Tanti degli uomini giunti a Novedrate in Veneto erano stati mezzadri al servizio di un proprietario terriero, il conte Luigino Ancillotto, che a un certo punto aveva venduto i propri terreni: così i contadini, ritrovatisi improvvisamente senza lavoro, non avevano trovato altra soluzione che lasciare la propria terra per spostarsi in Lombardia, dove le fabbriche e il settore edile avrebbero garantito loro un lavoro sicuro.
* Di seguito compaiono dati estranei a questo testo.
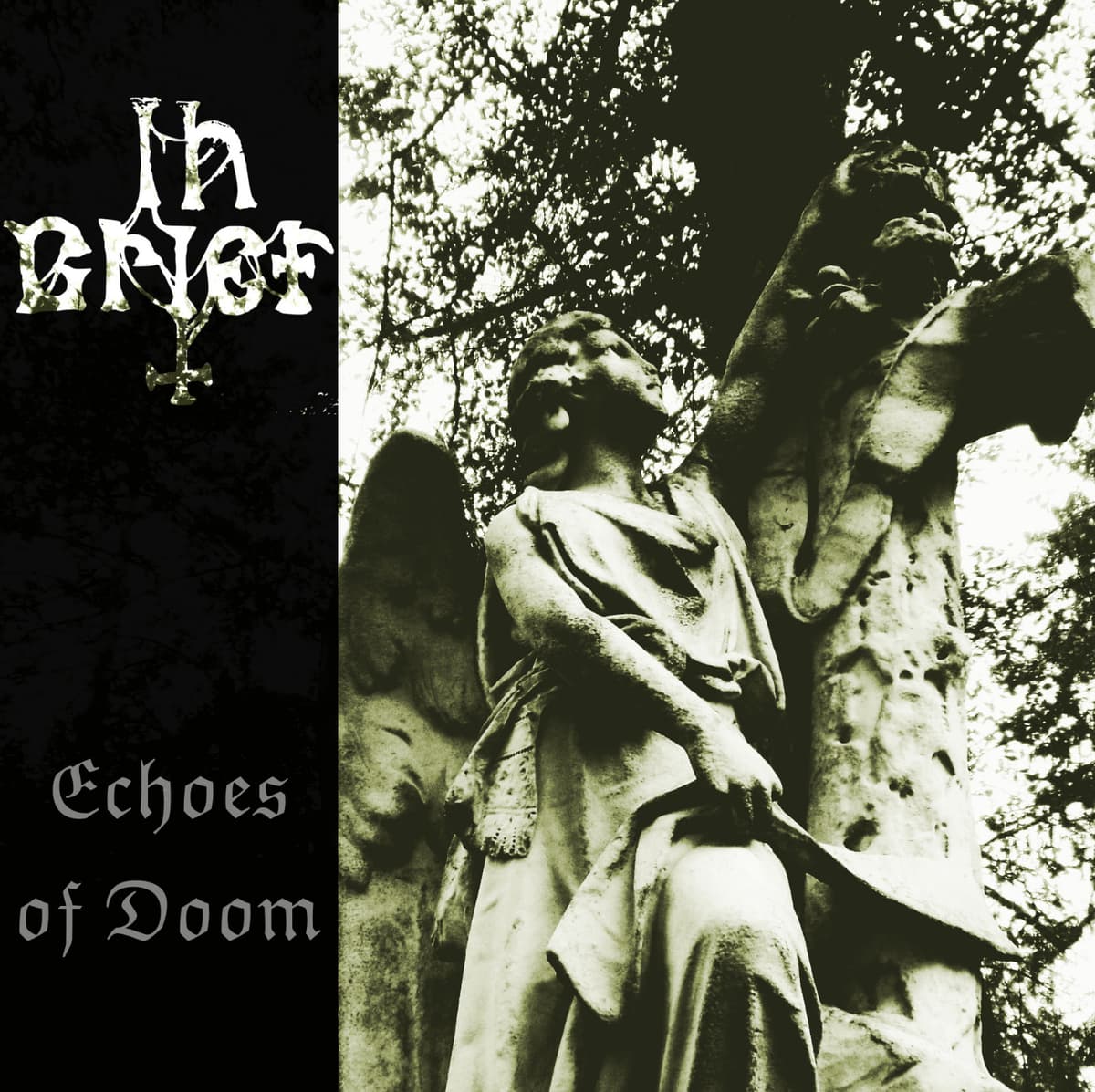 Echoes of Doom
Un gruppo di veneti, in particolare, giunse in Brianza dopo aver saputo che alcuni terreni boschivi di Novedrate, in precedenza appartenuti al barone Casana, erano stati messi in vendita dai nuovi proprietari, i medesi fratelli Frigerio.
Acquistati i terreni, iniziò una pacifica invasione di famiglie venete.
I nuovi arrivati lavoravano soprattutto nelle fabbriche di Figino, dedicando le ore serali e quelle della domenica alla costruzione delle abitazioni che avrebbero accolto i loro familiari pronti a ricongiungersi con loro.
All’epoca il villaggio veneto si trovava in aperta campagna, ed era collegato al centro abitato da sentieri difficilmente percorribili, che diventavano fangosi ogni volta che pioveva. Le case, poi, erano ancora prive di illuminazione.
Una nuova ondata migratoria si verificò negli anni Sessanta, dopo l’inondazione del Polesine.
Il 19 marzo del 1966, infine, fu inaugurata la piccola Chiesa di San Giuseppe, la cui costruzione era stata finanziata direttamente dal parroco don Stanislao Zanolli.
Proprio quel giorno, il parroco – al termine delle celebrazioni – fu colpito da infarto fulminante e morì.
Prima di lasciare questa terra, aveva fatto in tempo a vedere la chiesa del villaggio veneto per la cui apertura al culto si era tanto speso.